What is being asked: Restate word for word the lines below from the one that has "New 2026 Ford" through the one that has "Used 2015 BMW", keeping both and dropping all pictures.

Recorded information:
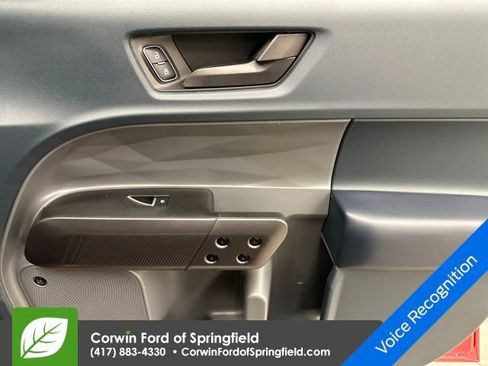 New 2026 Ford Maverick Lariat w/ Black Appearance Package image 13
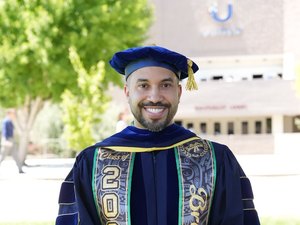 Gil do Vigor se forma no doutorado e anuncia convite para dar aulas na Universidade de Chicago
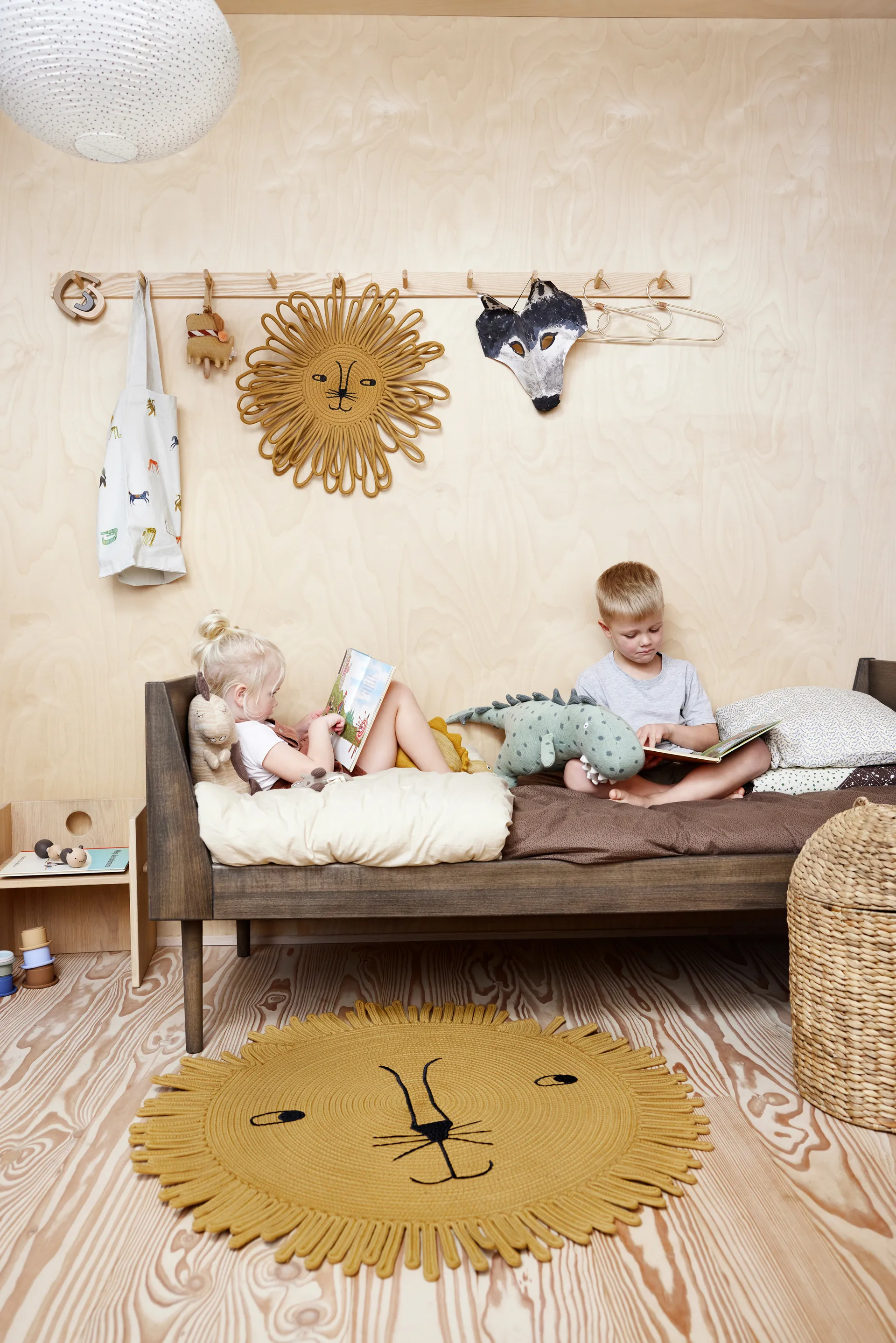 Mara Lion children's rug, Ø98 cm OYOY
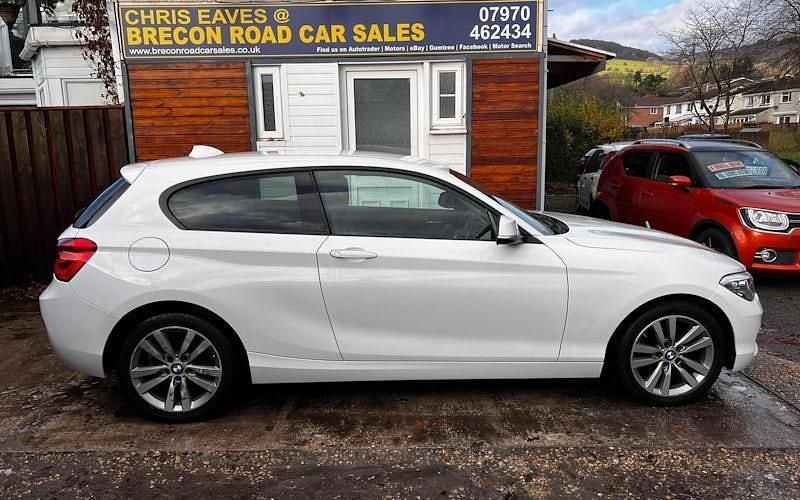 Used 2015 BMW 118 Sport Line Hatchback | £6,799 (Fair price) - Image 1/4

* * *

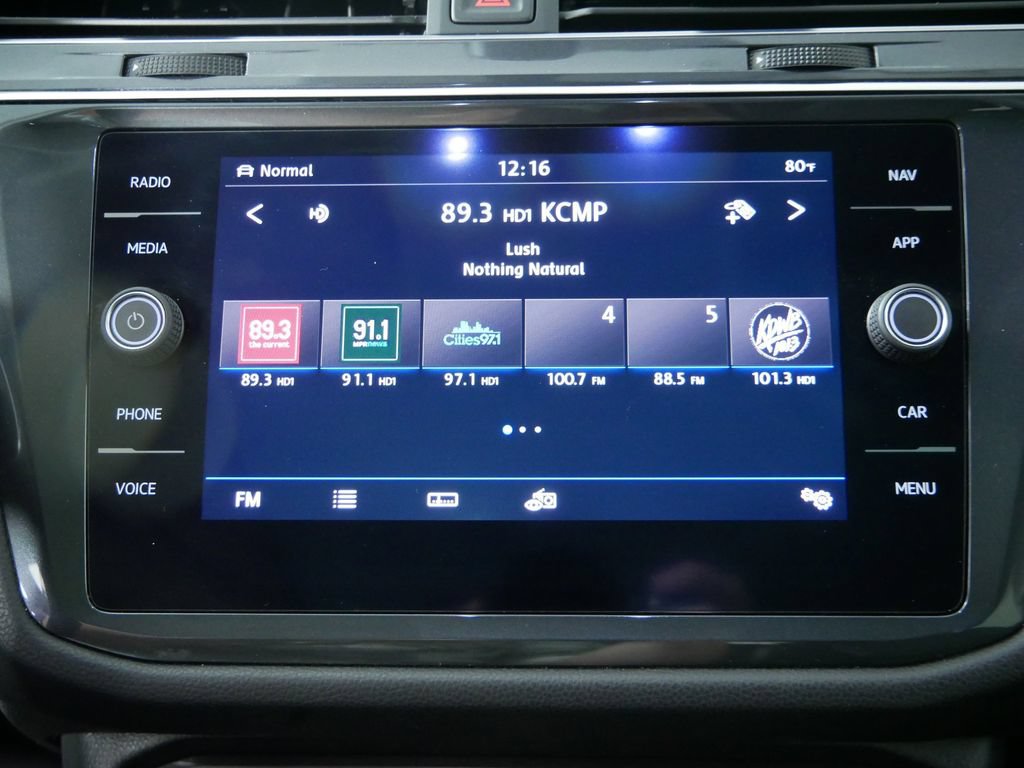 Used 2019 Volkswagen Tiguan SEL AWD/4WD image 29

Output for this task:
 New 2026 Ford Maverick Lariat w/ Black Appearance Package image 13
 Gil do Vigor se forma no doutorado e anuncia convite para dar aulas na Universidade de Chicago
 Mara Lion children's rug, Ø98 cm OYOY
 Used 2015 BMW 118 Sport Line Hatchback | £6,799 (Fair price) - Image 1/4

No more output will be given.